Veronica mi esortava a lasciarmi andare, nella vita come nella nostra corrispondenza. Non dubitava della sincerità delle mie parole e ammirava la mia feroce coerenza, ma aveva la sensazione nitida che qualcosa le sfuggisse, che in me ci fosse altro, qualcosa che riusciva a intravedere solo di tanto in tanto. Aveva ragione, perché anche nel nostro rapporto ero prigioniero del mio pensiero e della parte più buia di me stesso. Sapevo di poter risultare gelido e distaccato talvolta, persino nelle mail in cui le dichiaravo il mio amore, quasi si trattasse di uno stimolo esclusivamente cerebrale, ma il fatto è che mi sforzavo di reprimere la passione (intesa anche come sofferenza fisica e non solo come trasporto) che mi ispirava Veronica. Non volevo attentare alla sua serenità, al suo equilibrio, alla sua famiglia, alla sua vita e così soffocavo gli impeti passionali che pure mi scuotevano. Veronica voleva che mi mostrassi come un uomo fatto di carne e sangue, quale dovevo pur essere, senza nascondermi sotto un cumulo di teorie, ma ciò sarebbe stato possibile solamente se ci fossimo incontrati in circostanze diverse. A volte il desiderio di vederla era davvero incontenibile e mi bruciava come un autodafé, se non fosse stata moglie e madre sarei corso da lei subito, dopo aver letto la sua prima mail, ma lei era sposata, aveva una famiglia, un marito, una figlia di pochi anni. Le circostanze soffocavano il desiderio, lo schiacciavano come uno scarafaggio.

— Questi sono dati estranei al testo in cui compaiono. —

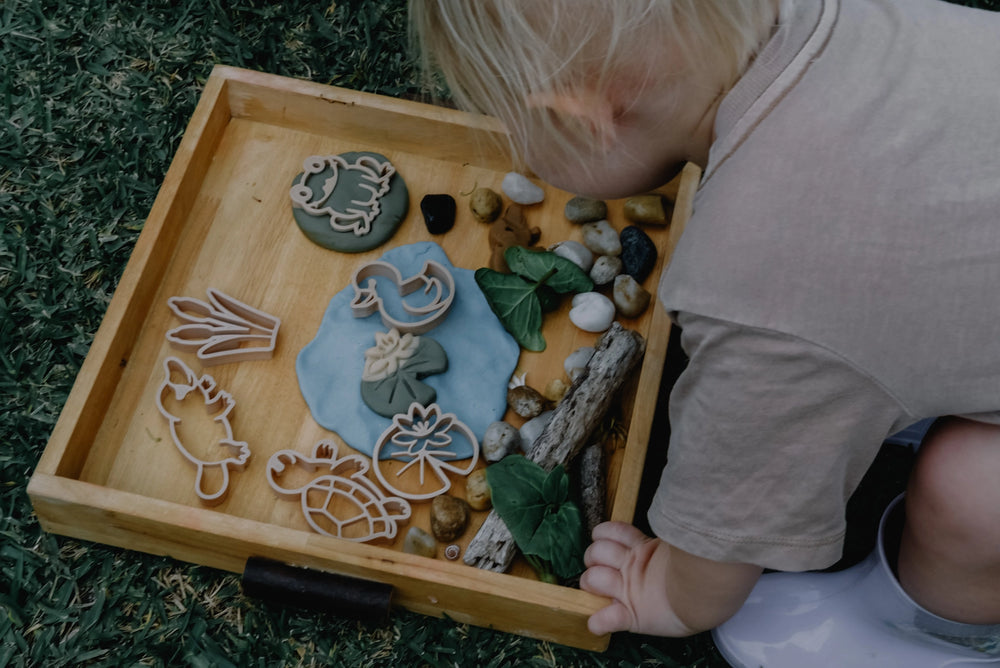 Pond Life Eco Playdough Cutter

Eppure, nonostante tutte queste beghe mentali, al termine dell’estate avrei visto Veronica, avrei avuto l’opportunità di parlare con lei, di ascoltarla, di osservarla. Avrei conosciuto finalmente la sua voce (una mancanza davvero enorme per me), avrei scoperto i suoi gesti caratteristici, ricorrenti, il modo di camminare, di sorridere, di sistemarsi i capelli. Così avrei potuto assorbirla, interiorizzarla completamente, farla del tutto mia e sperare di ritrovarla in sogno, dove avremmo potuto vivere ciò che la realtà ci precludeva. Non chiedevo niente di più.

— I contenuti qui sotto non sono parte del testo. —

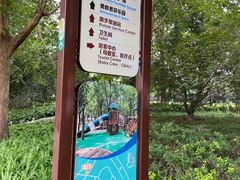 -朝阳公园游乐园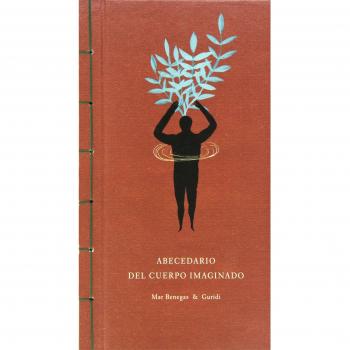 Abecedario Del Cuerpo Imaginado: 27 haikus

Dal 29 gennaio, ovvero dal giorno in cui avevo ricevuto la sua prima mail, pensavo a Veronica tutti i sacrosanti giorni. La morte non era più il mio unico pensiero dominante, alla morte si affiancava lei, Veronica, ed erano in relazione. Se esisteva, resisteva ancora una piccola, piccolissima speranza di salvezza e di resurrezione per me, moriva con la scoperta e la conoscenza di Veronica. Ora ero completamente solo e disperato, come mai prima. Era davvero finita per me, anche l’ultimo spiraglio si chiudeva per sempre e non potevo fare niente per impedirlo. Ancora una volta, l’ennesima, il caso si prendeva gioco di me con sopraffina crudeltà, come se avessi commesso qualche colpa imperdonabile. Sarei morto da solo, abbandonato a me stesso, come avevo sempre sospettato. La conoscenza di Veronica era la conferma ultima, definitiva, estrema del mio destino di solitudine e di impossibilità.